PROMPT
Within the records below, reproduce without change the lines from the line that has "フィール ブラウンサテン サンダル　37サイズ" through the line that has "NWT Skims Faux Leather Mock Neck Bodysuit L", and only those.

(Records from a data source)
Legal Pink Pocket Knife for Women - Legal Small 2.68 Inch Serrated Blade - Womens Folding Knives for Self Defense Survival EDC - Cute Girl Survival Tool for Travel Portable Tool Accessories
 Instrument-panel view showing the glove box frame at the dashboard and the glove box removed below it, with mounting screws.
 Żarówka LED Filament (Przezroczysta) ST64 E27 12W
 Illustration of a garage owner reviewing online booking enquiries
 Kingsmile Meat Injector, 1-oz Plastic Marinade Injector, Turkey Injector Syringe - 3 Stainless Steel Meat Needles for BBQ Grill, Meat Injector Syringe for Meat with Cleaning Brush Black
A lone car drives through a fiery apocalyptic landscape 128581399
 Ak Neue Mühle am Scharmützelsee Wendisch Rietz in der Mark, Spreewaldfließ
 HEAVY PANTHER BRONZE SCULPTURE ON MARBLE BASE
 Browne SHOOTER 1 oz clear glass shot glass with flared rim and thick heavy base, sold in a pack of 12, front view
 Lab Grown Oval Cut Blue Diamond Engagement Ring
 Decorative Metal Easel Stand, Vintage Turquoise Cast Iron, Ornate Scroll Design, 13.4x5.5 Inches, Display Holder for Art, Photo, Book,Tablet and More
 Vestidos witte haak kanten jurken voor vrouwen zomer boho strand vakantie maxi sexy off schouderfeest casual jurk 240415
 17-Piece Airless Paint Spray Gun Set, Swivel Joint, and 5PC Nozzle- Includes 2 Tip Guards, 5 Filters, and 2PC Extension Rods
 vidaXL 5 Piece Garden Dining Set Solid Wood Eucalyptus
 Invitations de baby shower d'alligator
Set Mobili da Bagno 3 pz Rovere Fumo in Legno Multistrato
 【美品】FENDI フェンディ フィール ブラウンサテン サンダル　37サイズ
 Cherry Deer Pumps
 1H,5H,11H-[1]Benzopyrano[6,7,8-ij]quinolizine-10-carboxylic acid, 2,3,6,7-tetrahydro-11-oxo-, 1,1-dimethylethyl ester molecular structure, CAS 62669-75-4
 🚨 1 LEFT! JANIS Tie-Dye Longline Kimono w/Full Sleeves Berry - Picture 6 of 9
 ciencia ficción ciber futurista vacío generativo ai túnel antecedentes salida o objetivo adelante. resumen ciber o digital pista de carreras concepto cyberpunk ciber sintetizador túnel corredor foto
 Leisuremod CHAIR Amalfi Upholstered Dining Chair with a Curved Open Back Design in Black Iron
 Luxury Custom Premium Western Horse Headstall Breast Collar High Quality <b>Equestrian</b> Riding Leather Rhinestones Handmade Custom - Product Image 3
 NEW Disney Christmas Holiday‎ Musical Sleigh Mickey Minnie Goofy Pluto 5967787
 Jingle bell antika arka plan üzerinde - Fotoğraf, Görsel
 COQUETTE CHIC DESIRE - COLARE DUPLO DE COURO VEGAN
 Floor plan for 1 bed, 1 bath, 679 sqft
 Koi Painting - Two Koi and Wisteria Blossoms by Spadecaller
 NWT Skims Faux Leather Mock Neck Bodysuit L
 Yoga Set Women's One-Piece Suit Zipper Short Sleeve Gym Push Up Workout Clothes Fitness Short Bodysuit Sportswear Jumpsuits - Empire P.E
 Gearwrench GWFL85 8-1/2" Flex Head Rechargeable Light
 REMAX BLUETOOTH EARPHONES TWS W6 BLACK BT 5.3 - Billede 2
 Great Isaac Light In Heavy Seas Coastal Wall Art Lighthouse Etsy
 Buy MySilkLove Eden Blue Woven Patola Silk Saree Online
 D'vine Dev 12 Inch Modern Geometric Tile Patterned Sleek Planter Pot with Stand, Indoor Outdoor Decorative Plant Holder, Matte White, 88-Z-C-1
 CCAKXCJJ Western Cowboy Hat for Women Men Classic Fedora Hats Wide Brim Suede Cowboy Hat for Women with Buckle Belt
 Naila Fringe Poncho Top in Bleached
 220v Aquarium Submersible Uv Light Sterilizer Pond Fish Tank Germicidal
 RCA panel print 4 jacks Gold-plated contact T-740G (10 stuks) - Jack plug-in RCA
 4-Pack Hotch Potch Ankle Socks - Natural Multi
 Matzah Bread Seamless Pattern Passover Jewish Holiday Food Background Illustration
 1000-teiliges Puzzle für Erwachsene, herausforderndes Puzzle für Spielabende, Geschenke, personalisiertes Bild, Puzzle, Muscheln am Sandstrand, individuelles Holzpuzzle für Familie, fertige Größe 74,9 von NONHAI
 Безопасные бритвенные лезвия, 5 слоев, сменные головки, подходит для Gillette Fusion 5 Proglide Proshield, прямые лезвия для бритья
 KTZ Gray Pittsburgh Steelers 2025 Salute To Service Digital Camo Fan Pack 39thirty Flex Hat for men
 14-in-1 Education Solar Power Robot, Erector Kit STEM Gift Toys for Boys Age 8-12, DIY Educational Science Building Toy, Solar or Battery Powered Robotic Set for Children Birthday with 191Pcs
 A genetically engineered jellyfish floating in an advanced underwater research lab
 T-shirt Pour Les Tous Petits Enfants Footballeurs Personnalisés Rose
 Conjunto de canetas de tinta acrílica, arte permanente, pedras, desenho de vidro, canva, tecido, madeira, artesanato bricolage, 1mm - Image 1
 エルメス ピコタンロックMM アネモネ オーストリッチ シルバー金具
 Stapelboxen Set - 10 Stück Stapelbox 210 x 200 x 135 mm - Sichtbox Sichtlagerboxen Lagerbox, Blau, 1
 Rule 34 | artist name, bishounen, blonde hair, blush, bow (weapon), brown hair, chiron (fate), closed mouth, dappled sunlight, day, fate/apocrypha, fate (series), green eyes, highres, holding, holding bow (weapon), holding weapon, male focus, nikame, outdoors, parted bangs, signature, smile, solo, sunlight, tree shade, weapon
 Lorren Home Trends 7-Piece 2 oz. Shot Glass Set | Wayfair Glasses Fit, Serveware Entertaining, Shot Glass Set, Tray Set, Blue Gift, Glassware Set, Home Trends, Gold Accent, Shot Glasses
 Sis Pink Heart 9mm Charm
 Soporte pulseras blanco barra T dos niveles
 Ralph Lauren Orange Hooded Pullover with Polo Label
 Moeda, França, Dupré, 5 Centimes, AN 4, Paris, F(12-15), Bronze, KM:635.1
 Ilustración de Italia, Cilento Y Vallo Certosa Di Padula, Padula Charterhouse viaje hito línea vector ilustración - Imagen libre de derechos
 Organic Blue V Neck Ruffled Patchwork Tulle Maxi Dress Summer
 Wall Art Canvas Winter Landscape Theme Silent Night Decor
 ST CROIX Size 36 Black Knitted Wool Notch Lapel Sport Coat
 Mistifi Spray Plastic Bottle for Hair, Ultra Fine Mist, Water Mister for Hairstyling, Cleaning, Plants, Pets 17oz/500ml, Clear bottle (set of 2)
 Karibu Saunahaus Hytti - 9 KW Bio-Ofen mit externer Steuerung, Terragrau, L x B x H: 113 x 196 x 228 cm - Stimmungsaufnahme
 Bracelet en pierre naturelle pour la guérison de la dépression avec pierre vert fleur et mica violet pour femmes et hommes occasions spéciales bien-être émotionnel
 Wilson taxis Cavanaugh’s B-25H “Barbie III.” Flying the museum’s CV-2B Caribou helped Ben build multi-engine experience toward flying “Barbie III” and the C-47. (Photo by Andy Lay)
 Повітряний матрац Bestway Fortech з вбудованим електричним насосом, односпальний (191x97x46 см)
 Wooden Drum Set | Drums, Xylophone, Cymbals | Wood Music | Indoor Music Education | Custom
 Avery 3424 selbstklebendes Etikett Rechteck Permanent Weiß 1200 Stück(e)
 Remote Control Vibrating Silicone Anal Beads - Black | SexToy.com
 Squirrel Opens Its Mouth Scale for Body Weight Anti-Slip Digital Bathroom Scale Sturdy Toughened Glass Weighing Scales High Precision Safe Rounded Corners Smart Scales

SOLUTION FOR THIS PROBLEM
 【美品】FENDI フェンディ フィール ブラウンサテン サンダル　37サイズ
 Cherry Deer Pumps
 1H,5H,11H-[1]Benzopyrano[6,7,8-ij]quinolizine-10-carboxylic acid, 2,3,6,7-tetrahydro-11-oxo-, 1,1-dimethylethyl ester molecular structure, CAS 62669-75-4
 🚨 1 LEFT! JANIS Tie-Dye Longline Kimono w/Full Sleeves Berry - Picture 6 of 9
 ciencia ficción ciber futurista vacío generativo ai túnel antecedentes salida o objetivo adelante. resumen ciber o digital pista de carreras concepto cyberpunk ciber sintetizador túnel corredor foto
 Leisuremod CHAIR Amalfi Upholstered Dining Chair with a Curved Open Back Design in Black Iron
 Luxury Custom Premium Western Horse Headstall Breast Collar High Quality <b>Equestrian</b> Riding Leather Rhinestones Handmade Custom - Product Image 3
 NEW Disney Christmas Holiday‎ Musical Sleigh Mickey Minnie Goofy Pluto 5967787
 Jingle bell antika arka plan üzerinde - Fotoğraf, Görsel
 COQUETTE CHIC DESIRE - COLARE DUPLO DE COURO VEGAN
 Floor plan for 1 bed, 1 bath, 679 sqft
 Koi Painting - Two Koi and Wisteria Blossoms by Spadecaller
 NWT Skims Faux Leather Mock Neck Bodysuit L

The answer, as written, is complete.